Step Four: Lay out an agenda that starts by focusing on agreements, not conflicts. Both the robocallers and the general public have a real need and desire to connect people, products and services. Large companies today often pay several dollars per targeted ad, even though only a small percentage of the ads actually results in a sale. Why not pay that to the people who are being annoyed? Won’t that be likely to encourage them to listen to the spiel, thereby enhancing the value of the robocall to the caller as well? Nobody benefits by miss-targeting, but the miss-targeting itself returns a signal that can be used to refine future targeting in general. Lay out suggested solutions, following the model I have suggested, but not limited to it, and invite submissions of business plans for implementing the pay for play and its offshoots and derivatives, perhaps with additional challenge money involved.
Step Five: Publish the results and solicit advice and evaluation from all players – robocallers, phone-service providers, the public and government bodies, including the FTC, focusing on potential legal issues and their possible resolution, including appropriate legislation to help facilitate introduction of x-charge systems, for example, dealing with the issues of payment and where the credits will be stored in such a way as to facilitate legitimate legal oversight.

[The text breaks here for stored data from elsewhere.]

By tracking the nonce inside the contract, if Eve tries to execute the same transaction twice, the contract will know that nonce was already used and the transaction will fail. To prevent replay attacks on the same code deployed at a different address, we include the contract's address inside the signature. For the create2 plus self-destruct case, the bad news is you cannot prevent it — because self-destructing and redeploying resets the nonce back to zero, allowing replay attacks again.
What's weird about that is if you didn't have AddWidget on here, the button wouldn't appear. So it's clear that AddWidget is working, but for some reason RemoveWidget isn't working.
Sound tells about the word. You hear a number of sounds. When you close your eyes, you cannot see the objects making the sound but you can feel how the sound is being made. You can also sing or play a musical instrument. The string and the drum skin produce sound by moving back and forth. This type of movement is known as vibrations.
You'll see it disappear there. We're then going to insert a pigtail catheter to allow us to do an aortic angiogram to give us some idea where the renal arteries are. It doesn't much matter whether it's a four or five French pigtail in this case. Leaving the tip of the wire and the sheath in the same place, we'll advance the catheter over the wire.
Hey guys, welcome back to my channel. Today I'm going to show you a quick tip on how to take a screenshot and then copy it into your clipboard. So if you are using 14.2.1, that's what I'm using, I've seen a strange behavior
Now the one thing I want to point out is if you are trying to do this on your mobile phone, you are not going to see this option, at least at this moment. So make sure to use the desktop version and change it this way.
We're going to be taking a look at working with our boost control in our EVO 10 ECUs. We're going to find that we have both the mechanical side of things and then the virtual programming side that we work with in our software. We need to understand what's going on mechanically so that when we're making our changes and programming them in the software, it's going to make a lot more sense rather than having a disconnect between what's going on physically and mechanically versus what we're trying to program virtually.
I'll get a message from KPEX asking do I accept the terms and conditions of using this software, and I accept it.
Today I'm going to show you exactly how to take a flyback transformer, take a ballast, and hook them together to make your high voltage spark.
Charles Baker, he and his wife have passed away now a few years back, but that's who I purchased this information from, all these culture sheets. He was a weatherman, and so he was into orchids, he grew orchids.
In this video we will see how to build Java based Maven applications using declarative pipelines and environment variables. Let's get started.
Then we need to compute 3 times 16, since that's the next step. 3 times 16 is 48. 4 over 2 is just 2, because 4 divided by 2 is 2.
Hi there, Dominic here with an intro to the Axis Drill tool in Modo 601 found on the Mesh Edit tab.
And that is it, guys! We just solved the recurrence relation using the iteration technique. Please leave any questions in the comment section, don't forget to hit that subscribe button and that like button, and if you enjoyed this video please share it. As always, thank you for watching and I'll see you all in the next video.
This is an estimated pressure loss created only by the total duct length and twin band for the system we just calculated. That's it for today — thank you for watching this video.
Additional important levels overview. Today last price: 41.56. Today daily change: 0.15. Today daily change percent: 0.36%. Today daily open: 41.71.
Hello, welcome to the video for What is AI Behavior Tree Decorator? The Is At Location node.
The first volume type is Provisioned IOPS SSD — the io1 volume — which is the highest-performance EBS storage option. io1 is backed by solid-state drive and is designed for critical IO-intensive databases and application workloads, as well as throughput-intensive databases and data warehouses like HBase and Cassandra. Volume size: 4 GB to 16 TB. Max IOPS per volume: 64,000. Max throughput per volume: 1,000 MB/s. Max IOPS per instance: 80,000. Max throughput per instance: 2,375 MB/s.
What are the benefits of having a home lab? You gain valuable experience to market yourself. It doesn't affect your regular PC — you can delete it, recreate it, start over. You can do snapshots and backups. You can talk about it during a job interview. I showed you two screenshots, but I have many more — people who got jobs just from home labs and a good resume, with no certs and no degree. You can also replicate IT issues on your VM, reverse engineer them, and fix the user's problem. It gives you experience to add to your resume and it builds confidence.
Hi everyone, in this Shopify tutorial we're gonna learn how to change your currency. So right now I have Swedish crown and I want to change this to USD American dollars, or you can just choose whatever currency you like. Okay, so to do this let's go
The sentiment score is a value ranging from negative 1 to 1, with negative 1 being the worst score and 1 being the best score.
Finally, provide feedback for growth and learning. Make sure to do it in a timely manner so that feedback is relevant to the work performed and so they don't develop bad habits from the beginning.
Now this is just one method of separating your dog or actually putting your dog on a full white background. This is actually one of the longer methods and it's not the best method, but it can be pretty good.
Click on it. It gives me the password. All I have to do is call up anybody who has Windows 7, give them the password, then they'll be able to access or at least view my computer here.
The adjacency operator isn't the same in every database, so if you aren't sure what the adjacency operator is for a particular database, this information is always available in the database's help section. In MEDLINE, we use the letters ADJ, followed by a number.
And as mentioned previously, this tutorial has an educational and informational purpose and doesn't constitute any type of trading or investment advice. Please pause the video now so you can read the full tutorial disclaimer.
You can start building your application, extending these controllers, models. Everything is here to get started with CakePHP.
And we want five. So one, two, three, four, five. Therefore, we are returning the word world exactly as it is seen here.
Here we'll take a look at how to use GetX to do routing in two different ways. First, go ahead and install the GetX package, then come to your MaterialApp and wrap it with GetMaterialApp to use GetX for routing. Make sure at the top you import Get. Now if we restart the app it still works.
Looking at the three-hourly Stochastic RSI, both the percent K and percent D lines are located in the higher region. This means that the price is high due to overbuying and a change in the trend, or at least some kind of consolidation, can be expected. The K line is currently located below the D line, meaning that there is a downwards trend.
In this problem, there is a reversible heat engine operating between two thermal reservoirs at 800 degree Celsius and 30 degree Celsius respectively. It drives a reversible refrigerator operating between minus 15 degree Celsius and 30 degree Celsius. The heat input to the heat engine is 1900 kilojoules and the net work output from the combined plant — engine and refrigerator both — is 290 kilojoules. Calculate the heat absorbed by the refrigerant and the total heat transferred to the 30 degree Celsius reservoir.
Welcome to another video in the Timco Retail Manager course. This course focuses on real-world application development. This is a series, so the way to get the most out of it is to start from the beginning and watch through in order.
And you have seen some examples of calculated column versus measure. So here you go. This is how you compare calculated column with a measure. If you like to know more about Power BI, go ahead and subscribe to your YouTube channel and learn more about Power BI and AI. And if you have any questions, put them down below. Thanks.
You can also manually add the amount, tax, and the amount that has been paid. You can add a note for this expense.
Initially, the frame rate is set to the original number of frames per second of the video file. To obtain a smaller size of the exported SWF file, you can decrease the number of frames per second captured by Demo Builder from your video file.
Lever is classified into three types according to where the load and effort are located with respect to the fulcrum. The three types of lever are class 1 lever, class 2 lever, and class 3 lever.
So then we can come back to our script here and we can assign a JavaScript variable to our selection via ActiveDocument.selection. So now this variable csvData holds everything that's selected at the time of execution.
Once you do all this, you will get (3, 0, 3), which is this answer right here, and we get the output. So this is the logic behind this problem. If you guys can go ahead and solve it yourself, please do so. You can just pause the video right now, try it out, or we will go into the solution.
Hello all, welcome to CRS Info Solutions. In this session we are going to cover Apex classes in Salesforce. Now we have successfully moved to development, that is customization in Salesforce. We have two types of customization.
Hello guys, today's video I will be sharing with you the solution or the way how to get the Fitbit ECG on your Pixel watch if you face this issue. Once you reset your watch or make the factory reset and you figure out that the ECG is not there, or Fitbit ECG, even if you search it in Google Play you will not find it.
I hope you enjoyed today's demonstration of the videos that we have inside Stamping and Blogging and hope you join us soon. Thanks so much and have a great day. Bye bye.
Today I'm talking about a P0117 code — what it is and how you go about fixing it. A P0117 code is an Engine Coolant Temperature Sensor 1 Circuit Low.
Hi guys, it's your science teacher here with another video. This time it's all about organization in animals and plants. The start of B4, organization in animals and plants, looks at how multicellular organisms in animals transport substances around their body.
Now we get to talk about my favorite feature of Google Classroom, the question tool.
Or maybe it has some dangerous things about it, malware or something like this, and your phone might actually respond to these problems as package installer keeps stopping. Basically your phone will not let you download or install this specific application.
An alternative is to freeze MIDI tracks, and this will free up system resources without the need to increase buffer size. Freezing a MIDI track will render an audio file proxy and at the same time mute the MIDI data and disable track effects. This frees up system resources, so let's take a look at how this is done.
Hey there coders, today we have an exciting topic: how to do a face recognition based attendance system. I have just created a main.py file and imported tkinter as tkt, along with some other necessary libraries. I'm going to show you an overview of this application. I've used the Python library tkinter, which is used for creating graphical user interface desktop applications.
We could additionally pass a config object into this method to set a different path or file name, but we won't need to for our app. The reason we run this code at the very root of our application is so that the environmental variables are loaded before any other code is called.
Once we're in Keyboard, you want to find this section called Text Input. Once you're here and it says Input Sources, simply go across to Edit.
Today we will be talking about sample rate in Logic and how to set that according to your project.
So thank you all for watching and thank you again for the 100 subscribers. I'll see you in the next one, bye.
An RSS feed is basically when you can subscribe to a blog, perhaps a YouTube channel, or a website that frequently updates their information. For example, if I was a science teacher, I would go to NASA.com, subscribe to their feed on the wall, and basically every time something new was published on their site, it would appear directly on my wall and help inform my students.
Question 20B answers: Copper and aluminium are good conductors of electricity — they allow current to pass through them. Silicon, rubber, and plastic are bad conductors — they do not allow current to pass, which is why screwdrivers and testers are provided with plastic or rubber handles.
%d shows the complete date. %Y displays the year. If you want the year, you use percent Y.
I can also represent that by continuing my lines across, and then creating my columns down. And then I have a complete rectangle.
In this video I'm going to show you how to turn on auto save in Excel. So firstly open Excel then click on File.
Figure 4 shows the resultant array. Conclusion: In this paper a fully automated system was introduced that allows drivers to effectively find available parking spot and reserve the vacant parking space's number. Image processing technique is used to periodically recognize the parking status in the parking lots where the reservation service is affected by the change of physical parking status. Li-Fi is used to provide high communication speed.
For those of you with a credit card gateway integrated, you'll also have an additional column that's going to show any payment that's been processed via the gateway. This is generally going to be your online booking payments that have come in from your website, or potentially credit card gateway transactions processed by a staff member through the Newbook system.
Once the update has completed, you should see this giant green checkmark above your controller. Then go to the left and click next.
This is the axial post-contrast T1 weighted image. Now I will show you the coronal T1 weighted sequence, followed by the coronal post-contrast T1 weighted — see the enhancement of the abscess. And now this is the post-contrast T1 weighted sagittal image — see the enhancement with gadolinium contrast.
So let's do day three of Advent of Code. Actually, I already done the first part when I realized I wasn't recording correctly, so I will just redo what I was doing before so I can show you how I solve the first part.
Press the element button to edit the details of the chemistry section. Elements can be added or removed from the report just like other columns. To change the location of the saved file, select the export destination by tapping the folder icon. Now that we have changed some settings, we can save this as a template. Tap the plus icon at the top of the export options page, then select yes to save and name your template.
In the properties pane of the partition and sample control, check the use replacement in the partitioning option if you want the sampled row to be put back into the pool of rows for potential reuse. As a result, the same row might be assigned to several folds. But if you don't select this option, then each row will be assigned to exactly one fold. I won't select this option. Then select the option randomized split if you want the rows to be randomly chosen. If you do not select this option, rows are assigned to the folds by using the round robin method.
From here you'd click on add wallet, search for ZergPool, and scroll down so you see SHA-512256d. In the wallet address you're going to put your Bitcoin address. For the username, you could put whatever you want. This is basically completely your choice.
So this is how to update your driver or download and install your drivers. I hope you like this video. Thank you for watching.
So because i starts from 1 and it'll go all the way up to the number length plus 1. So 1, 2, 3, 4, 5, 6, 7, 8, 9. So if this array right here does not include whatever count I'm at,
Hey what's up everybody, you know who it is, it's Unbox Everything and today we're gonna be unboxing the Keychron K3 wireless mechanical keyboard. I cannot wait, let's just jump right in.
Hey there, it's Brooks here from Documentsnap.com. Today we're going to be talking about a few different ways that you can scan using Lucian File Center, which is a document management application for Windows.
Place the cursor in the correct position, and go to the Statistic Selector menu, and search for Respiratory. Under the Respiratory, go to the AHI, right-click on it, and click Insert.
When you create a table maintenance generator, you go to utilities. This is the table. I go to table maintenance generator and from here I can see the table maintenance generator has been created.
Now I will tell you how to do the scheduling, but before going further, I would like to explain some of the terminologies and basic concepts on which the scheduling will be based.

This approach should put us on something closer to a path to real solutions. The specific technical details are clearly an accelerating target and any approach that makes them the core of the solution is probably going to go down in history as another example of re-fighting the last war, should we be tempted on that score. I would hope that a newer approach based on the various perspectives I have suggested - systems theory, Darwinism, signal analysis, the Law of the Commons – and whatever other valid independent equations that people are urged to bring to bear, will result in a wide range of solutions to robocalls as well as other similar social conundrums. Thank you for your attention to this.
(i) Does it work? It is already working. Ads are paying for the internet, by and large, even though the shotgun approach is still the rule. The internet user is paid for his exposure to the ad by the services attached to it, such as free email. I simply propose making this model, as applied to our phones, more precisely targeted, fair and measurable in ways that will finance better and better synergy between the robocaller and the recipient.
(ii) Is it easy to use? This should not require any great effort on the part of the public. People should receive notice that if they so choose, then they will be included in a system designed to reduce unwanted calls and also compensate them automatically for those intrusions that still occur. The system should be engineered where possible to encourage third parties to offer enhancements such as APPs that specifically adapt to the user's tastes and desires, charging more for random robocalls or those completely alien to the user's taste, and less for those that match products that the user is really interested in. Users should be able to charge for access to that personalized data, as well, if they choose to make their preferences public.
(iii) Can it be rolled out? Deployment could, in theory, start immediately, or as soon as the APPs can be written. In the case of landlines or antiquated cell phones, there will be more overhead, but the job is still doable. Software, after all, can be duplicated without significant expense.